Click on the Experiment menu and choose Facilitated Diffusion. Begin by setting the number of glucose carriers in the membrane to 500. Place the membrane in between the beakers. Next dispense 2.00mM of glucose concentration into the left beaker, and deionized water into the right. Set the timer for 60 minutes, then press start. Record the Glucose transport rate. Then Run the procedure again using 700 and 900 glucose carriers, and record those transport rates as well. This experiment in its entirety should then be done again with 8mM of glucose in place of 2mM. End by clicking Tools and selecting Print Data.

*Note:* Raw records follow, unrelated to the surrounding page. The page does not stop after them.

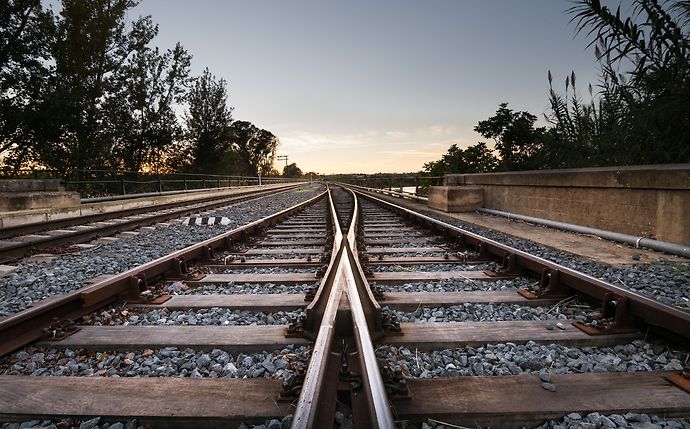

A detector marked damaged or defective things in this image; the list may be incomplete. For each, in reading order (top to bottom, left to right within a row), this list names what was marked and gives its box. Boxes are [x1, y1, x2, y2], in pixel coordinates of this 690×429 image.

rusty rail surface [0, 183, 300, 262]
rusty rail surface [0, 189, 326, 356]
rusty rail surface [346, 184, 688, 342] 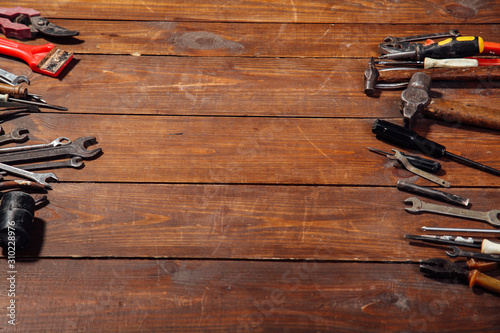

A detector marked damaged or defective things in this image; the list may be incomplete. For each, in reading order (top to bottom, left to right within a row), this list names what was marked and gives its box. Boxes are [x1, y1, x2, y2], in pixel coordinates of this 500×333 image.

rusty hand tool [0, 6, 78, 39]
rusty hand tool [398, 72, 500, 130]
rusty hand tool [0, 127, 28, 144]
rusty wrench [0, 127, 28, 144]
rusty wrench [0, 136, 101, 163]
rusty hand tool [0, 136, 102, 165]
rusty hand tool [366, 148, 440, 174]
rusty hand tool [374, 118, 500, 176]
rusty hand tool [396, 180, 466, 206]
rusty hand tool [404, 196, 500, 227]
rusty hand tool [448, 245, 500, 264]
rusty hand tool [422, 256, 500, 294] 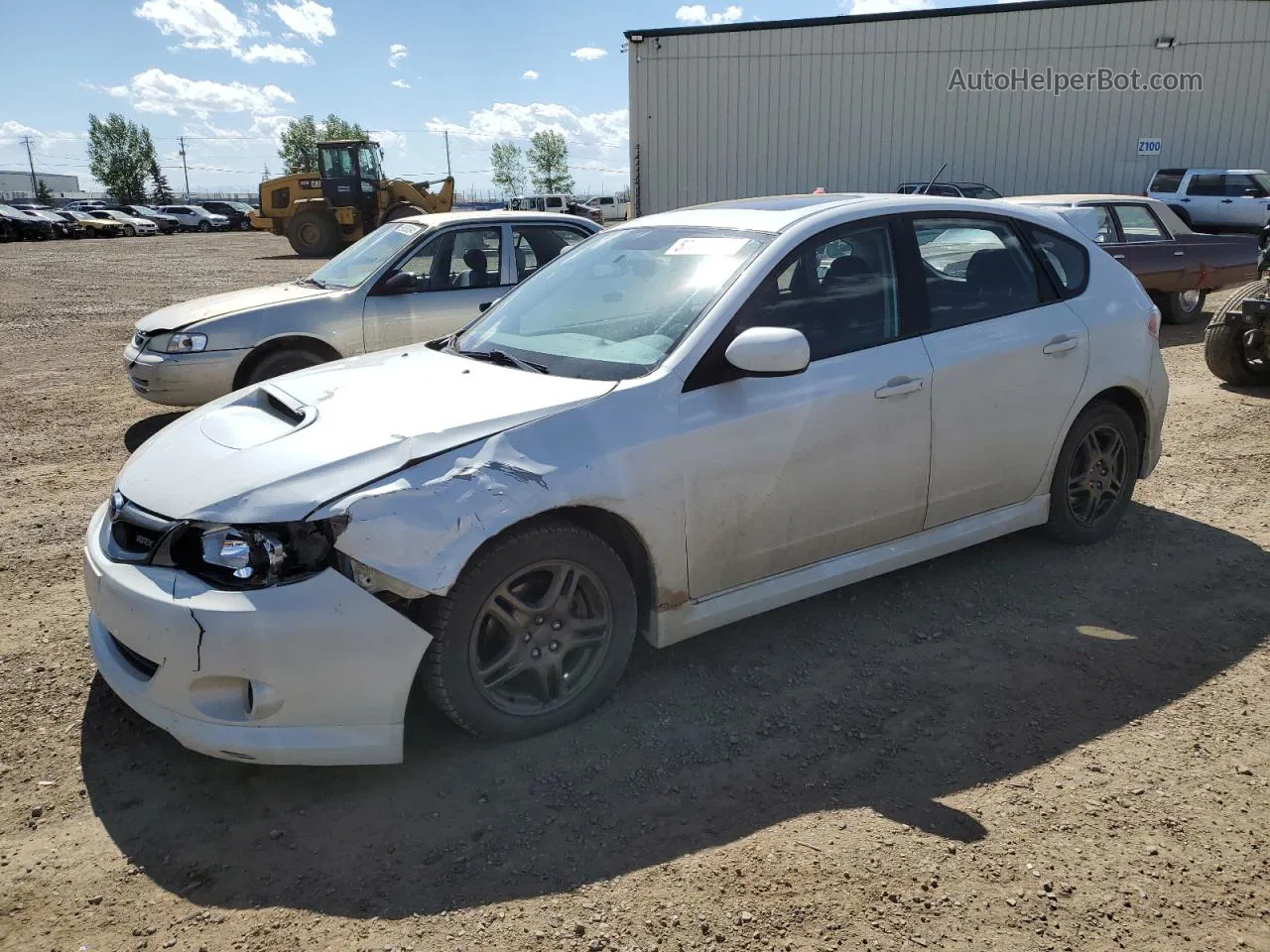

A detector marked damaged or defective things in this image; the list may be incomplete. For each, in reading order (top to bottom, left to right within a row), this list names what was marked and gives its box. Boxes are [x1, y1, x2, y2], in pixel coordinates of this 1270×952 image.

cracked headlight lens [166, 332, 207, 355]
broken headlight [174, 523, 345, 588]
damaged front bumper [84, 508, 434, 767] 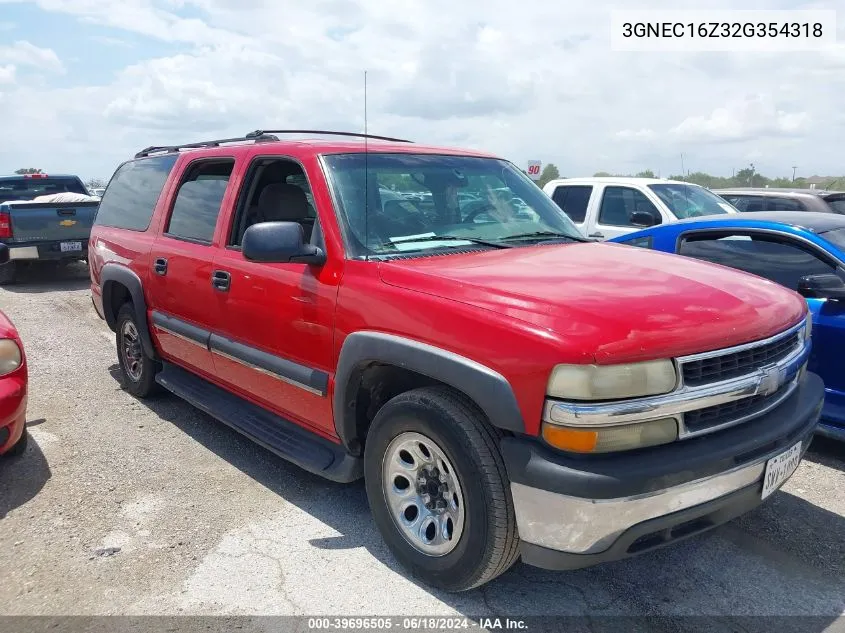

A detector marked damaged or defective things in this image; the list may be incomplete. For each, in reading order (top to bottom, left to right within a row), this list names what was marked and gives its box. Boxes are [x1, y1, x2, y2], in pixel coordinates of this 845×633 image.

cracked asphalt [1, 264, 844, 624] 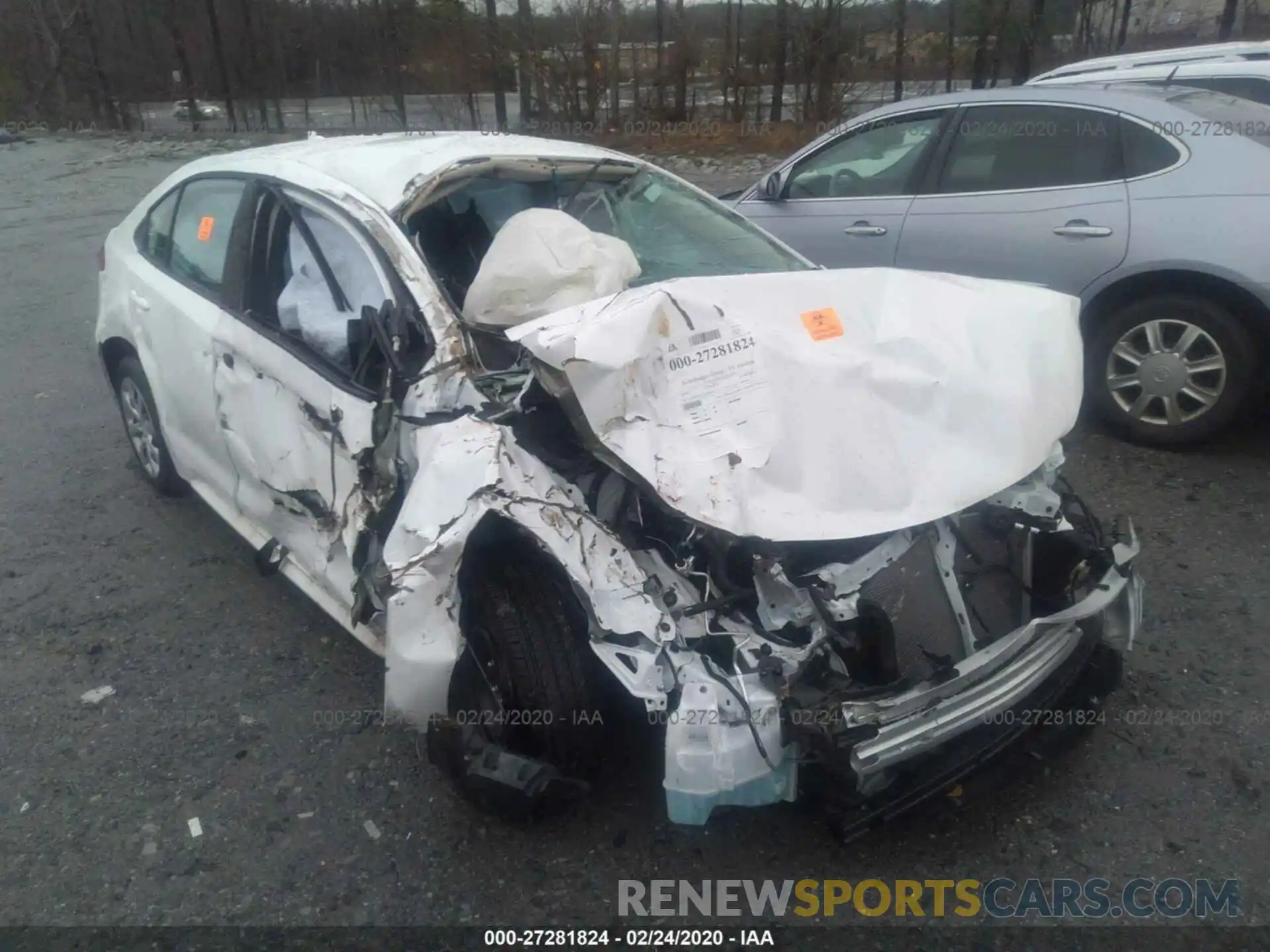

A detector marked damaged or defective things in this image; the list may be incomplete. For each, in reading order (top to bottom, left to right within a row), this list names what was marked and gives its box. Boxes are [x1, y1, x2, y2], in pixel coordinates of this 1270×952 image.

crushed driver door [209, 181, 407, 629]
deployed airbag [458, 208, 640, 328]
shattered windshield [566, 165, 815, 284]
crumpled hood [505, 267, 1080, 539]
deployed airbag [511, 267, 1085, 542]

Activity 3-Simulating Osmotic Pressure

Begin by clicking on the Experiments Menu and then selecting osmosis. Then place the 20 MWCO membrane between the beakers. Dispense 8.00mM of NaCl solution into the left beaker, and deionized water into the right. Set the timer for 60 minutes, and then press start. Observe the pressure displays, and record the osmotic pressure in the data. Now repeat this portion of the experiment with 50, 100, and 200 MWCO membranes instead of 20. Then repeat the entire procedure using 9.00mM of albumin in place of the NaCl, and then a third time with 10.00mM of glucose. End by clicking Tools and selecting Print Data.

Activity 4- Simulating Filtration

Open the experiment by opening the Experiments Menu and selecting Filtration. Begin by placing the 20 MWCO membrane underneath the top beaker. Now dispense 5.00mg/ml of NaCl, urea, glucose, and powdered charcoal into the given beaker. Change the pressure unit on top of the beaker, if necessary, to 50mm Hg. Set the timer to 60 minutes, and press start. Observe the Filtration Rate box for any activity. A rise in the rate indicates that solutes are passing through the filtration membrane. Record the filtration rate along with the amounts of solutes present. Now move the 20 MWCO membrane to the residue analysis kit and press Start Analysis to analyze the residue left and clean the membrane. Record your data. Then repeat the experiment using g 50, 100, and 200 MWCO membranes and record that data as well. End by clicking Tools and selecting Print Data.

Activity 5- Simulating Active Transport

Open the experiment by looking in the Experiment menu and selecting Active Transport. To begin, change the number of sodium-potassium pumps and glucose carriers to 500 in the membrane builder. Click Build Membrane then place the membrane between the beakers. Then dispense 9.00mM of NaCl to the left beaker, and 6.00mM of KCl to the right. Dispense 1.00mM of ATP with the ATP dispenser. Set the timer to 60 minutes, and press start. Repeat this experiment a second time using 3.00mM of ATP instead of 1.00mM, and then a third and final time using 1.00 mM of ATP and 10.00mM of NaCl in place of the 6.00mM of KCl. End by clicking Tools and selecting Print Data.